Clostridium-difficile-Infektion (CDI)
Die Therapie der CDI richtet sich nach dem Schweregrad und der Anzahl der Rezidive.
| Klinische Situation | Therapieempfehlung | Evidenz |
|---|---|---|
| Kein schwerer Verlauf | Vancomycin 125 mg 4x/Tag p.o. (10 Tage) ODER Fidaxomicin 200 mg 2x/Tag p.o. (10 Tage) ODER Metronidazol 400 mg 3x/Tag p.o. (10 Tage) | A-I / B-IIt |
| Schwerer Verlauf | Vancomycin 125 mg 4x/Tag p.o. (10 Tage) ODER Fidaxomicin 200 mg 2x/Tag p.o. (10 Tage) | A-IIt |
| Schwerer Verlauf (Negativ-Empfehlung) | Metronidazol ist bei schwerem Verlauf nicht empfohlen | D-I |
| Refraktär | Kombination: Vancomycin p.o. + Metronidazol p.o./i.v. ODER Teicoplanin ODER Tigecyclin ODER Stuhltransplantation (FMT) | C-IIh / C-IIu |
| Sekundärprophylaxe | Bezlotoxumab 10 mg/kg KG i.v. (Einzeldosis) bei erster Manifestation/Rezidiv | B-IIt |
SSYC-Infektionen
Infektionen durch SSYC machen bei Tumorpatienten nur 0-2,8% der infektiösen Diarrhoen aus. Eine medikamentöse Prophylaxe bei neutropenischen oder immunsupprimierten Patienten wird nicht empfohlen (D-IIt,u).

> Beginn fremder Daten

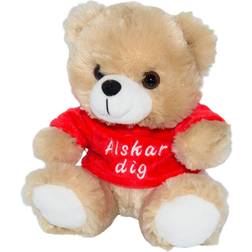 Joker Bamse med Trøje Älskar Dig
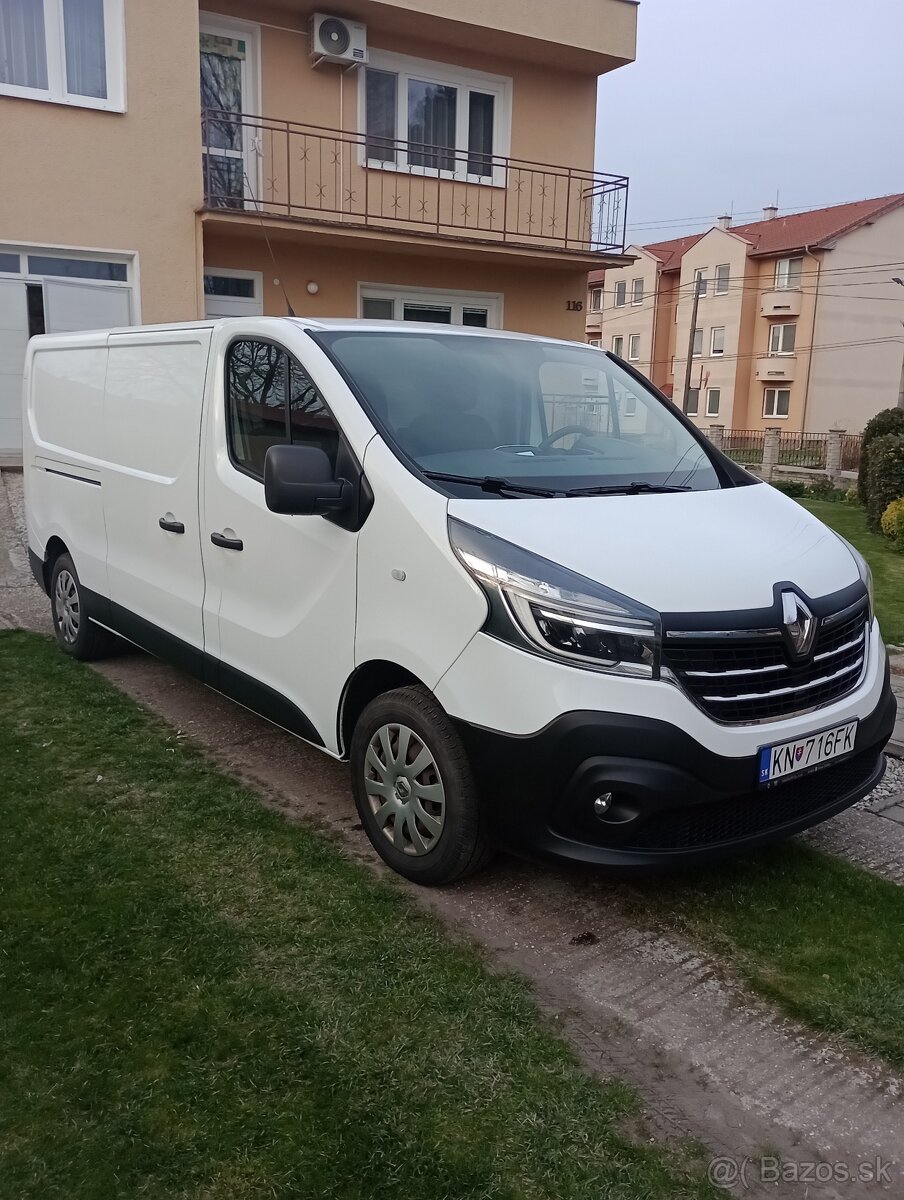 Renault Trafic 2,0 dCi l2h1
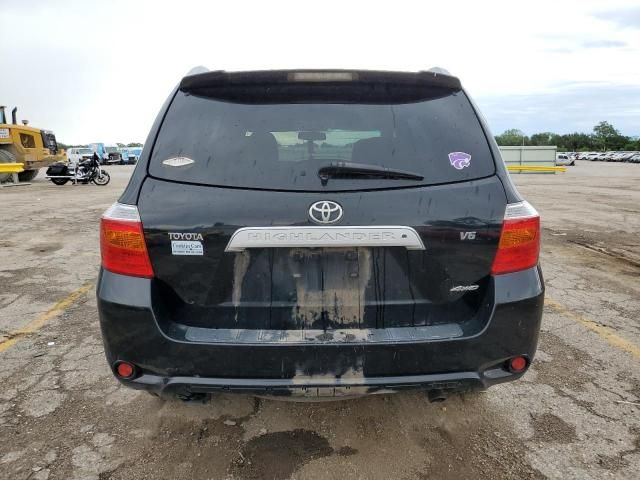 2008 Toyota Highlander Limited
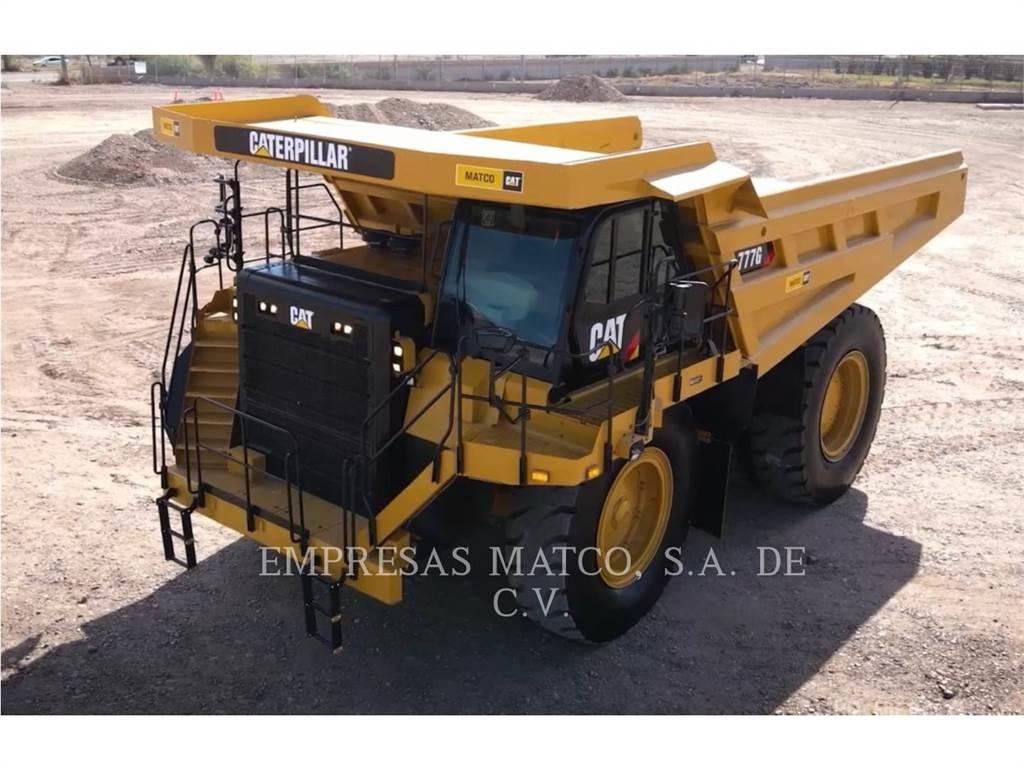CAT 777GLRC Articulated Haulers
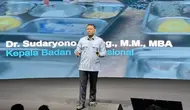 100 Hari Pimpin BGN, Sudaryono Beberkan Penghematan Rp 44 Triliun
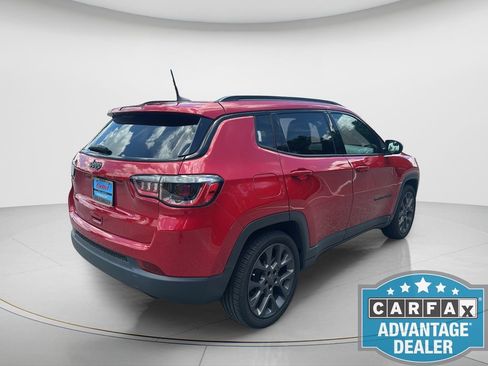 Used 2021 Jeep Compass Latitude FWD image 7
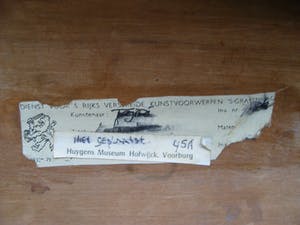 Brons (Onbekend) - "La famille" cobra stijl. kopen? Bied vanaf 375!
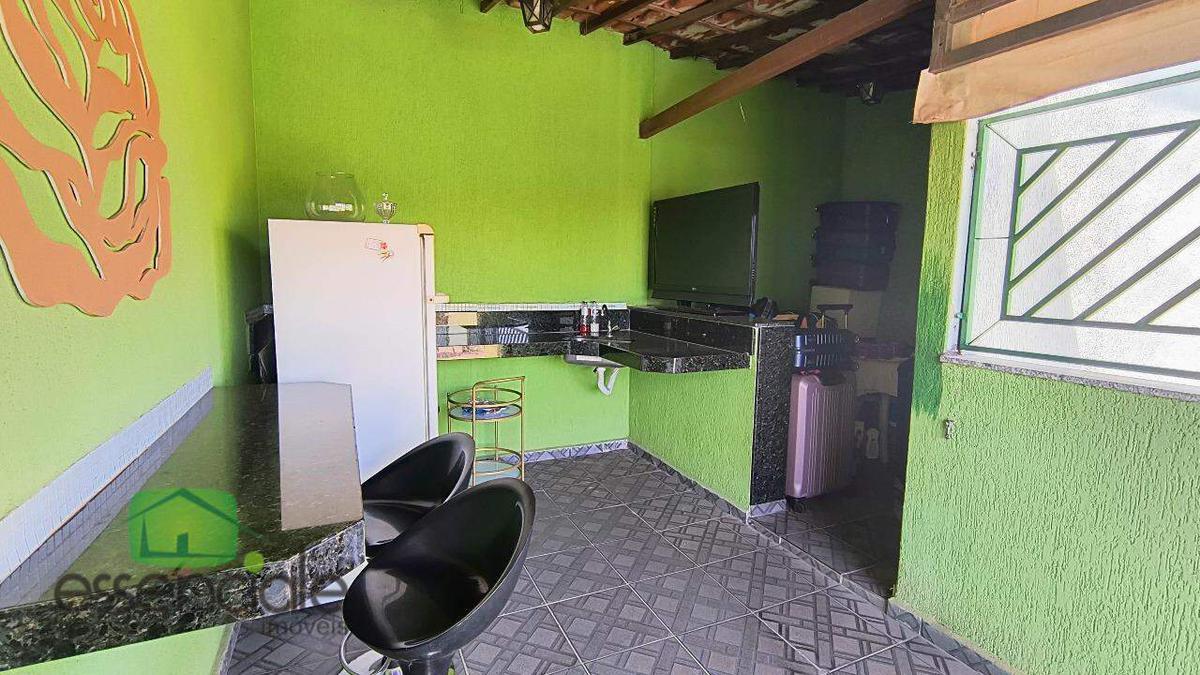 Cobertura, Jardim Riacho das Pedras, 3 Quartos, 1 Vaga, 2 Suítes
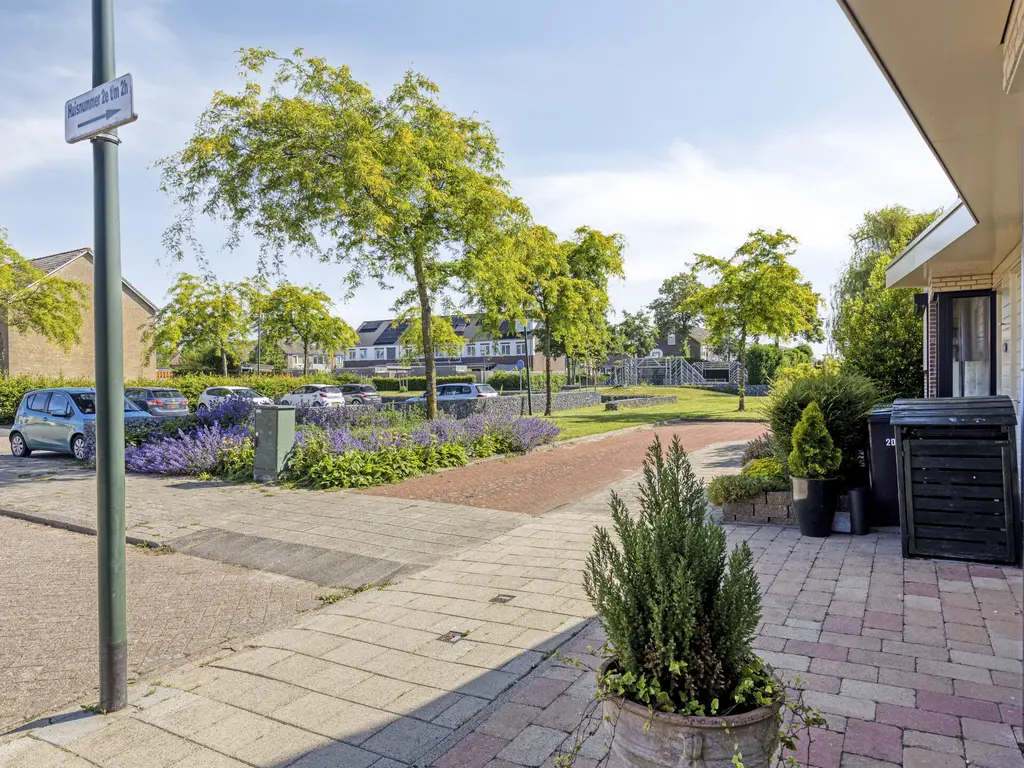 Hoogaarsstraat 2c, THOLEN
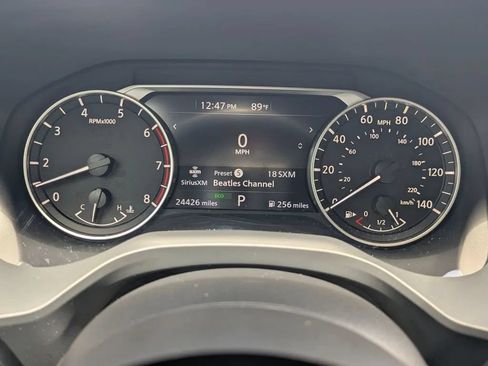 Certified 2023 Nissan Rogue SV FWD image 21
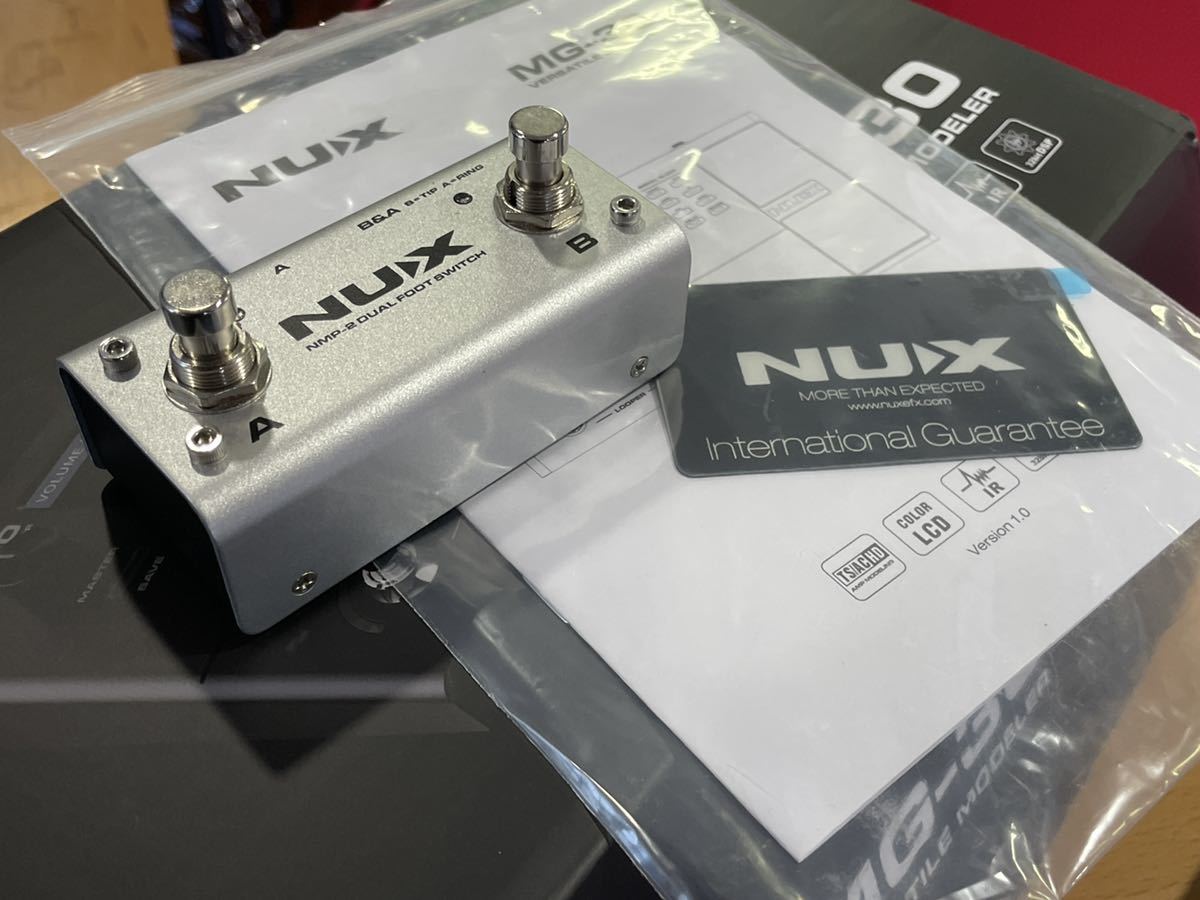 NUX MG-30 【公式通販】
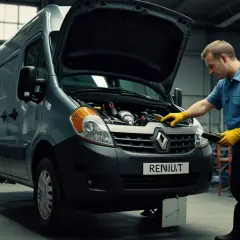 DPF w Renault Master 2.3: Jak skutecznie rozwiązać problemy?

- Salmonella spp. (nicht-typhös): Ciprofloxacin (p.o./i.v.) oder Ceftriaxon i.v. (B-III)
- Shigella spp.: Fluorochinolone (z.B. Ciprofloxacin) oder Azithromycin (B-IIt)
- Campylobacter spp.: Azithromycin oder Ciprofloxacin (A-IIt / B-IIt)
- Yersinia spp.: Ciprofloxacin oder Trimethoprim/Sulfamethoxazol (B-III)
Virale und parasitäre Gastroenteritis
Bei viraler Genese kommen spezifische Virostatika zum Einsatz (z.B. Ganciclovir oder Foscarnet bei CMV-Enteritis, A-I / B-IIt). Parasitäre Infektionen werden erregergerecht behandelt, häufig mit Metronidazol (z.B. bei Giardia oder Blastocystis, A-IIt) oder Nitazoxanid (z.B. bei Cryptosporidium, B-IIr,t).
💡Praxis-Tipp
Schließen Sie vor dem Einsatz von Loperamid bei Tumorpatienten mit Diarrhoe zwingend eine infektiöse Ursache aus. Bei Persistenz der Durchfälle >48 Stunden trotz motilitätshemmender Therapie ist eine stationäre Aufnahme indiziert.